Related to bring up: bring out
1. Literally, to bring someone or something to a higher point or position. A noun or pronoun can be used between "bring" and "up." Try to bring your leg up a little higher when doing this exercise. Please bring up the clean clothes when you come upstairs. Be sure to bring your sister up to my apartment the next time she's in town.
2. To mention someone or something in conversation. A noun or pronoun can be used between "bring" and "up." Don't bring up work tonight at dinner unless you want to hear Jeanne complain for three hours. I accidentally brought up Pam's surprise party to a few people who hadn't been invited.
3. To vomit. A noun or pronoun can be used between "bring" and "up." The constant rocking of the boat is going to make me bring up my lunch!
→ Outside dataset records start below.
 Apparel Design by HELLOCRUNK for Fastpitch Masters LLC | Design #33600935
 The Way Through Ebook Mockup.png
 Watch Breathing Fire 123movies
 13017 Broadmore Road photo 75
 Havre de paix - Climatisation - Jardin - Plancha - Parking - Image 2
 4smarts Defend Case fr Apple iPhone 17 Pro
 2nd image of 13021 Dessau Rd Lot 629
4. To care for a child or animal from a young age; to raise a child or animal. A noun or pronoun can be used between "bring" and "up." Who will bring up my children if something happens to me? I brought this old cat up from a kitten.
5. To increase something. A noun or pronoun can be used between "bring" and "up." You need to bring up your volunteer hours if you hope to meet the requirement by graduation. We decided to bring his allowance up to $20 per week.
6. To open a program or website for viewing on a computer screen. A noun or pronoun can be used between "bring" and "up." Next, you'll want to bring up the homepage. Bring up that email so I can take a look at it.
Farlex Dictionary of Idioms. © 2015 Farlex, Inc, all rights reserved.
bring someone or something up
1. Lit. to cause someone or something to go up with one from a lower place to a higher place. We brought them up and let them view the city from the balcony. Why did you bring up Tom? Wasn't he comfortable down there?
2. Fig. to mention someone or something. Why did you have to bring that up? Why did you bring up Walter? I hate talking about him!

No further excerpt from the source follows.